# For Sale: Dominion Elliot Minor Universal/ Combination



## wills-mill (23 May 2010)

This machine has been tucked away in a friends inherited workshop for quite a few years and comes with quite a few attachments and is fitted to a rather natty wheeled stand and storage cabinet. Friend is eccentric sculptor rather than joiner and needs the space...

Slot mortice attachment (but no bits), sawblades, planing kit, sanding disc, drive belts included. Trenching/ tenoning head included for the more enquiring or adventurous.... All in good condition and working, kept very dry over time.

Photos to follow, based near Horsham in West Sussex, £400 or nearest offers. 
Happy to deliver in South East for fuel cost.

More machine details here (below advert)
http://www.lathes.co.uk/advertphoto/090414elliotminor/

EDIT: I should point out that the advert in the link is not for my/friend's machine.........


----------



## wills-mill (24 May 2010)

A few photos....

Forgot to add phone number (07899 894294) and to mention that the machine is 240v and runs on a standard 13 amp plug.


----------



## Jamesc (25 May 2010)

I would dearly love to go for this. Its a lovely bit of kit. My father has the Major version. The build quality is second to none.
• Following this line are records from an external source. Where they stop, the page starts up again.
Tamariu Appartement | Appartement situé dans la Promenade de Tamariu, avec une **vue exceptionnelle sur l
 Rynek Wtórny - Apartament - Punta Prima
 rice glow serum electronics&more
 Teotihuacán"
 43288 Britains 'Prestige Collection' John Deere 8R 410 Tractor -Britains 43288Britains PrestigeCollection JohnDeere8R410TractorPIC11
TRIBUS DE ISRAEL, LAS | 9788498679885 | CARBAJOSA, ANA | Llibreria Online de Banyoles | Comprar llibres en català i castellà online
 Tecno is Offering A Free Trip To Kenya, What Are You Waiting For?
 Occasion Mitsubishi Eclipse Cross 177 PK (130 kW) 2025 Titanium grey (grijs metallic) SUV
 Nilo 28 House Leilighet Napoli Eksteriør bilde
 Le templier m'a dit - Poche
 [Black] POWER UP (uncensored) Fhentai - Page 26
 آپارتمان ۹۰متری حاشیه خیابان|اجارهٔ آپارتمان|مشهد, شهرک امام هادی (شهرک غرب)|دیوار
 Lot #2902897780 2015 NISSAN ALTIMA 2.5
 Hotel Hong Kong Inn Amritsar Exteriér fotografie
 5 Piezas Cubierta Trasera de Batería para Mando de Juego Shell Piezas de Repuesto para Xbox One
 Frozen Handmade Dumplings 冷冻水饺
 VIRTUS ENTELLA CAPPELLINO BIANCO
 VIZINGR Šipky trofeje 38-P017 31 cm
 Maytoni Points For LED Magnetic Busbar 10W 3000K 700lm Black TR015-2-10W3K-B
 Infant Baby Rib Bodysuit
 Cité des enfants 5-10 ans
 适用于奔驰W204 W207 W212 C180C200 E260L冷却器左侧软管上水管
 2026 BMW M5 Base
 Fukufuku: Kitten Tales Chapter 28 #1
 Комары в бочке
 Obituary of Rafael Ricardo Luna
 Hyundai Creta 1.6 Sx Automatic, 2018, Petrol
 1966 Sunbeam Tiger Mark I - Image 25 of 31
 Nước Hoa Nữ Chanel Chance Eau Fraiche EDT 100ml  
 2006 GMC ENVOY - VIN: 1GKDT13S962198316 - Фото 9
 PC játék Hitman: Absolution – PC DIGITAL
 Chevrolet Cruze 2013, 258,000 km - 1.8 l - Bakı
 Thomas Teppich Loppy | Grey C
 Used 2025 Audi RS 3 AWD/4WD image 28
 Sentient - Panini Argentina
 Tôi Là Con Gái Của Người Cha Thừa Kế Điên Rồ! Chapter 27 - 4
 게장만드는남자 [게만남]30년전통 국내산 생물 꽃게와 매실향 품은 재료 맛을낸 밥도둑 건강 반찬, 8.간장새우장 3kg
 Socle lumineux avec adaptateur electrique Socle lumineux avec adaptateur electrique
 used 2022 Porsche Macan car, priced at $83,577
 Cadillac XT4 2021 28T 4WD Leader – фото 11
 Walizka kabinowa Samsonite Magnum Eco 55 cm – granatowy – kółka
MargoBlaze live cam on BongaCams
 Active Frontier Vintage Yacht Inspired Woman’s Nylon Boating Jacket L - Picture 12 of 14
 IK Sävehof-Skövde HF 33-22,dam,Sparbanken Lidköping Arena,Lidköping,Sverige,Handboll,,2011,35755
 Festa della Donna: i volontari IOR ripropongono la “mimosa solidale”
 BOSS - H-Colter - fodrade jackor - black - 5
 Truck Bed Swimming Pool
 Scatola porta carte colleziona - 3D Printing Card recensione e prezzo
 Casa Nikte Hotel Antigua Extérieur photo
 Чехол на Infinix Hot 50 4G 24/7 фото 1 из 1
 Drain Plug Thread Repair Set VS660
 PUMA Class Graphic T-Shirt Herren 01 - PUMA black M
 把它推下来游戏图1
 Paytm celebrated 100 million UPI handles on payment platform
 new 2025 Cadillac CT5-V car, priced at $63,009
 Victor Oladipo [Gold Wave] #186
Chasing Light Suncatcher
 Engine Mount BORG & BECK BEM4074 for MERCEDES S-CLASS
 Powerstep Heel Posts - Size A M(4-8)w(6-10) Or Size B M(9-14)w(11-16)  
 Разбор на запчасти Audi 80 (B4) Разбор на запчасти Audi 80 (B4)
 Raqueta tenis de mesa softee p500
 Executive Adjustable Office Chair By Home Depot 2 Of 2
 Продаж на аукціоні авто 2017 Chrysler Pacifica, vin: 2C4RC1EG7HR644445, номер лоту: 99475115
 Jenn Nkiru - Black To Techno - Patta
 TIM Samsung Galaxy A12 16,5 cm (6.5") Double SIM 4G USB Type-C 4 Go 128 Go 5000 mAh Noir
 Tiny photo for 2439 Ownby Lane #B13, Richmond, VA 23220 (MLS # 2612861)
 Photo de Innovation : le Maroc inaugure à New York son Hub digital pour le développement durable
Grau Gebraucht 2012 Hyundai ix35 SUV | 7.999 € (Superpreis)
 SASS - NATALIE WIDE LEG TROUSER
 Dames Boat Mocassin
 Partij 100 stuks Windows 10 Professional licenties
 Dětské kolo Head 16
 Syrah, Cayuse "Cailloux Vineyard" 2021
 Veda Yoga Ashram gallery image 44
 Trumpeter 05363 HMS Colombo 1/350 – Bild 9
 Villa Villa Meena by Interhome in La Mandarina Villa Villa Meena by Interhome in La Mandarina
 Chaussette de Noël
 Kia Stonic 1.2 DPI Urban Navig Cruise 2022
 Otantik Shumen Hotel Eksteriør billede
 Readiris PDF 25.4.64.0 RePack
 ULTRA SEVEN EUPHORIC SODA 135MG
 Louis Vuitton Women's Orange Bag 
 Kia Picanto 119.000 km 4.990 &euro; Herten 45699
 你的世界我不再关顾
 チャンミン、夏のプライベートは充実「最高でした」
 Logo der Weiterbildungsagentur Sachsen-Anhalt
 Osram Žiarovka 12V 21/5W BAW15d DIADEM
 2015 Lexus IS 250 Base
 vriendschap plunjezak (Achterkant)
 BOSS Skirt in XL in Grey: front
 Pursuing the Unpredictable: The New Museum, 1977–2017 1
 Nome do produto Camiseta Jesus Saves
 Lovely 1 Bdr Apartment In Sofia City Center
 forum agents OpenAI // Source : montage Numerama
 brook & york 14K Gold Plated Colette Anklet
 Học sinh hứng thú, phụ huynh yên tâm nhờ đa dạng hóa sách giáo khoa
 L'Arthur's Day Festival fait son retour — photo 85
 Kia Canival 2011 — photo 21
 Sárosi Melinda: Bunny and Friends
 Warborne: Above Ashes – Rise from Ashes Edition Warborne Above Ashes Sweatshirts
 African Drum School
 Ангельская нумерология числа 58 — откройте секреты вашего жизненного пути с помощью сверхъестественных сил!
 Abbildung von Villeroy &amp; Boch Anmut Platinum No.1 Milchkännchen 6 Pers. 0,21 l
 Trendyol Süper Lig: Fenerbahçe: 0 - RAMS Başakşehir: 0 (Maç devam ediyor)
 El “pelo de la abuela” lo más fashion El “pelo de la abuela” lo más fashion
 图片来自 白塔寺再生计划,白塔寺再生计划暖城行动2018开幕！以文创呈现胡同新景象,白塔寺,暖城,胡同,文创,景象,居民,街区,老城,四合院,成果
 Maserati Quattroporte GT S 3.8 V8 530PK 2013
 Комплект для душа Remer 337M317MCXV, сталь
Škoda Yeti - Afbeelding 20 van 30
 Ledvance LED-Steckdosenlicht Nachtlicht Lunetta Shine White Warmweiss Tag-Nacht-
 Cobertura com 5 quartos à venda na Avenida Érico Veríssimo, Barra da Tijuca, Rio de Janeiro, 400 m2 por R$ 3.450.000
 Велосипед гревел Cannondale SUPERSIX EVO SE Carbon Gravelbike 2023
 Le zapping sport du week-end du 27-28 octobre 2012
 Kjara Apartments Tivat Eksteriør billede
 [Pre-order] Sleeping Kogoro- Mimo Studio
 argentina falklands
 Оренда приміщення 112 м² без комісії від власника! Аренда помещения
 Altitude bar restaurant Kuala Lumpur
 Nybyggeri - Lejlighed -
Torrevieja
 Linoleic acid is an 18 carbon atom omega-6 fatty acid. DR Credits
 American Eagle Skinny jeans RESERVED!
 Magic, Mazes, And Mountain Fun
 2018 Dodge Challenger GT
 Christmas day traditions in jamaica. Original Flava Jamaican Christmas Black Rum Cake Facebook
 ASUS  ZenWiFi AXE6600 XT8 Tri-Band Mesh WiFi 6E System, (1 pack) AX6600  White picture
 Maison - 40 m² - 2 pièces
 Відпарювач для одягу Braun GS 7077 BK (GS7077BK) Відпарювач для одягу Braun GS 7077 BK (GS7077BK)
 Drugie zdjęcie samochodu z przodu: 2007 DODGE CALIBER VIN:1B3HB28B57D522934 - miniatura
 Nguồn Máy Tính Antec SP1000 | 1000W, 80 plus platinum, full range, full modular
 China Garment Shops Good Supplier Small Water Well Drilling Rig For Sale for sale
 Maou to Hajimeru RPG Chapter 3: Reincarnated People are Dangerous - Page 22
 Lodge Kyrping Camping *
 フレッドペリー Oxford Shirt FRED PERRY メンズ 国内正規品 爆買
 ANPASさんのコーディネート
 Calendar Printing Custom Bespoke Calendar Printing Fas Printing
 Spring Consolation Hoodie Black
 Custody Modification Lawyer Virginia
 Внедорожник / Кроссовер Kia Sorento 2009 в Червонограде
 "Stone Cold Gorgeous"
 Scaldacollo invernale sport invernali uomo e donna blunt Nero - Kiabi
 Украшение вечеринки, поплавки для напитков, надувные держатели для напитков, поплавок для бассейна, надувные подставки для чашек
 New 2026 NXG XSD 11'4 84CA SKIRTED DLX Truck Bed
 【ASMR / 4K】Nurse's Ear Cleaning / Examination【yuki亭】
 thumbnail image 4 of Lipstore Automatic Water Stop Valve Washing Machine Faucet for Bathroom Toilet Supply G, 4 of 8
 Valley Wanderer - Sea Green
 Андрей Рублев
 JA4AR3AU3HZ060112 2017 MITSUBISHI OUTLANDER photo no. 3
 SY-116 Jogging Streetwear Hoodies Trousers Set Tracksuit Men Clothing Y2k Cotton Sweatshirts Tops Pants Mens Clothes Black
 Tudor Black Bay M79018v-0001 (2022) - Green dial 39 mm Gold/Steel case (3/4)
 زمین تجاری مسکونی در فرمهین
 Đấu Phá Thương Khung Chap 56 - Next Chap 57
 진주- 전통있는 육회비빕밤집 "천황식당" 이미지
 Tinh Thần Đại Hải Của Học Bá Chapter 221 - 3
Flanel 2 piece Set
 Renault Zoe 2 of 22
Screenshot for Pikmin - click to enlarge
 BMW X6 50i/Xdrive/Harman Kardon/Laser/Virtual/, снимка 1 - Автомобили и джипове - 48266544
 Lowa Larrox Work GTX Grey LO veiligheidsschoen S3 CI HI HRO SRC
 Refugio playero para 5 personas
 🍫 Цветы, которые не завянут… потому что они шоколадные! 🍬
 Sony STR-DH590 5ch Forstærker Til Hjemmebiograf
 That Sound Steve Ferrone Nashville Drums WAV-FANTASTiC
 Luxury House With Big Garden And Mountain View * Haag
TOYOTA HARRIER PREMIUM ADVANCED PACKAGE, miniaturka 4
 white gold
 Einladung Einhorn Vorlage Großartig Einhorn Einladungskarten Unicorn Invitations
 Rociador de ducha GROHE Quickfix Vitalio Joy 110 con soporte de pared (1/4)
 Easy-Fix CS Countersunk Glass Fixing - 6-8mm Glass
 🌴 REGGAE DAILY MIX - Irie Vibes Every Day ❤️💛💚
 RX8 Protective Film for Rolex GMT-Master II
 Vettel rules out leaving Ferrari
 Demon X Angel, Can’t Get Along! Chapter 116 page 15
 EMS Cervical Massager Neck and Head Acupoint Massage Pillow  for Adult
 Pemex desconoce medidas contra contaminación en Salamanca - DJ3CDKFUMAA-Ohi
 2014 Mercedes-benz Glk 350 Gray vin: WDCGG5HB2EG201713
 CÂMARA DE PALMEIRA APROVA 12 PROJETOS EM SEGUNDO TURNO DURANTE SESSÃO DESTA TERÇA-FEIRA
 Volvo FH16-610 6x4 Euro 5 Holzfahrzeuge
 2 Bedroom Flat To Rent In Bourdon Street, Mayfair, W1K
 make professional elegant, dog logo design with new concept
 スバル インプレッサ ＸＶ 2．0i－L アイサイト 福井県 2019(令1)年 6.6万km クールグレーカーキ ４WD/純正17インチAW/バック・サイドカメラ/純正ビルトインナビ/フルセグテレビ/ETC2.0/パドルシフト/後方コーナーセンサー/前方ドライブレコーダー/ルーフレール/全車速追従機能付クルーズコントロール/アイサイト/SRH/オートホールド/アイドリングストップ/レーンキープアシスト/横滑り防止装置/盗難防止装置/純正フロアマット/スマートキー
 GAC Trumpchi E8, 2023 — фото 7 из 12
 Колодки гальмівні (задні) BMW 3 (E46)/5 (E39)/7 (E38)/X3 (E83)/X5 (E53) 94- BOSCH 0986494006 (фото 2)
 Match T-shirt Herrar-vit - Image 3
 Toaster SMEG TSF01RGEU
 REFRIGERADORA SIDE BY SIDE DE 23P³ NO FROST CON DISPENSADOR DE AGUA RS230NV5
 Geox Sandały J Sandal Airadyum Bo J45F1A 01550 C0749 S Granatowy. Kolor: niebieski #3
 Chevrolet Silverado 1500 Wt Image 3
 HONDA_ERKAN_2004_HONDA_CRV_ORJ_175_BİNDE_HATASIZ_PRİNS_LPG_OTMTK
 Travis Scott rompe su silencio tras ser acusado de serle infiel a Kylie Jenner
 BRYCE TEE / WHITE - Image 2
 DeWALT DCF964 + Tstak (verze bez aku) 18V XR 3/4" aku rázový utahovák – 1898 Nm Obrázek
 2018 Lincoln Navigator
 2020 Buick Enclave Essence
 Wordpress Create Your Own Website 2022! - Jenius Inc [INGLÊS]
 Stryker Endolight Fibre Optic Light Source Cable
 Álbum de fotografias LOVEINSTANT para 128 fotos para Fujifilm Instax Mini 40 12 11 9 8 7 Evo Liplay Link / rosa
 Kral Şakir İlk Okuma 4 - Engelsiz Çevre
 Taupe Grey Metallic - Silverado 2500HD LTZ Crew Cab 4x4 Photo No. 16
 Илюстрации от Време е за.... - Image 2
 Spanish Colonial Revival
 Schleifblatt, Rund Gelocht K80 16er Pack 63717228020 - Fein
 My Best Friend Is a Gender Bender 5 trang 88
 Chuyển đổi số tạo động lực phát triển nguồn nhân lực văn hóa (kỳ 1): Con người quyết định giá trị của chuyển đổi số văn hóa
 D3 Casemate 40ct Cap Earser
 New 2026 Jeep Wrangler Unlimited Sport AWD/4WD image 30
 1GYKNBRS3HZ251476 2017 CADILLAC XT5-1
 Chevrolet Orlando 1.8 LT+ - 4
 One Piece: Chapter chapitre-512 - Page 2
Unfortunately funds space and too many other projects preclude this one  

James


----------



## eddsc (21 Jun 2013)

I realise this original post is five years old, but has the Elliot Minor been sold?
I'm lucky enough to own one, but mine sits on a rather crude trolley, not the proper base. If it is for sale, would you sell the base separately? Perhaps someone else might like to pay less for just the machine, and put it on a bench?
Oddly, I'm very close to you - at weekends. Warnham. I'm in London during the week.
Thanks - if you see this post after all this time!
Malcolm


----------